Rick Has A Word or two for sceptics.

[TallDave]

I was boggled by that for a bit when I first ran across it too.

It's like burning a gallon of gasoline and getting half a gallon back. Seems like it ought to be impossible.

It may have big implications in a couple hundred years, if we don't have an economic method of fusion yet. It seems hard to believe we'll have any new sources of fossil fuels in the 23rd.

[blaisepascal]

I was boggled by that for a bit when I first ran across it too.

It's like burning a gallon of gasoline and getting half a gallon back. Seems like it ought to be impossible.

It may have big implications in a couple hundred years, if we don't have an economic method of fusion yet. It seems hard to believe we'll have any new sources of fossil fuels in the 23rd.

The only reason we aren't building breeder reactors for power is political. You see, a breeder reactor (or it's close kin) is the only way we have of producing Pu-239 in large quantities. The US, the USSR/Russia, China, England, France, India, Pakistan, South Africa, Israel, and probably a handful of other nations have been making Pu-239 in large quantities for 65 years now, using the functional equivalents of breeder reactors. Converting "fertile" U-238 into "fissile" Pu-239 is old-hat.
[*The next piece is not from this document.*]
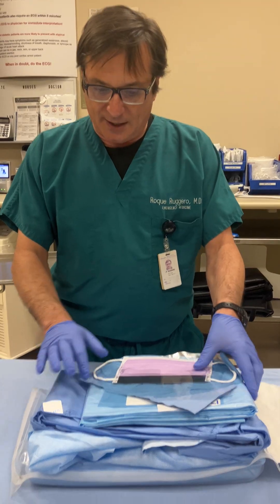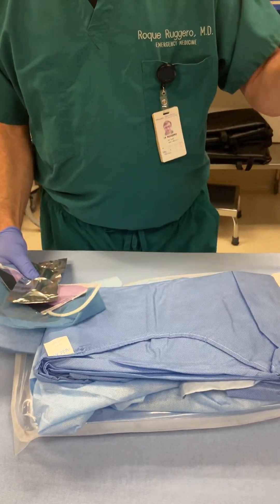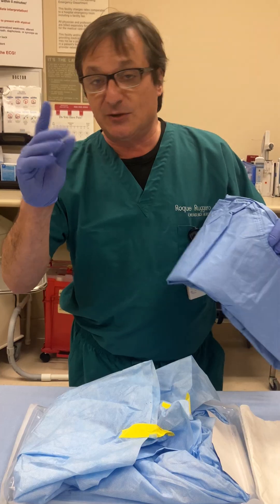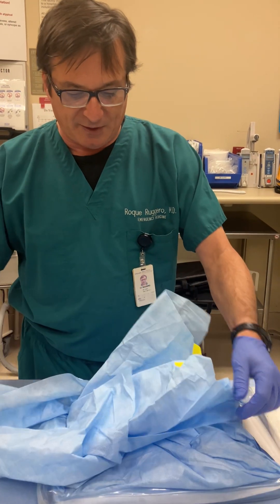I've opened my central line kit. I would be placing the sterile drape on the patient. I would be placing a sterile gown, and I would have sterile gloves in place — not nitrile gloves.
The problem with a U-238-based breeder reactor is that Pu-239 is too useful for making bombs. Attempting to make a U-238 breeder power reactor looks indistinguishable from attempting to make a Pu-239 production plant. Attempting to make a Pu-239 production plant is the type of thing that can get you looked at funny by the international community.

The Th-232 based breeder cycle has a couple of differences. First, while the generated fuel (U-233) is fissible, and the US has made a test bomb based on it, it also generates a significant quantity of U-232, which isn't fissible. The quantity is small, but is "significant" because U-232 rapidly breaks down into strong gamma-emitters. You can handle manufactured Pu-239 in a isolation box with gloves; it's just an alpha emitter. If you tried that with U-233 you'll get fried by the gammas. So from a "proliferation" standpoint, it's much nicer. It's harder to make a bomb, and if you don't have big expensive facilities obviously dedicated to it, you'll kill yourself trying.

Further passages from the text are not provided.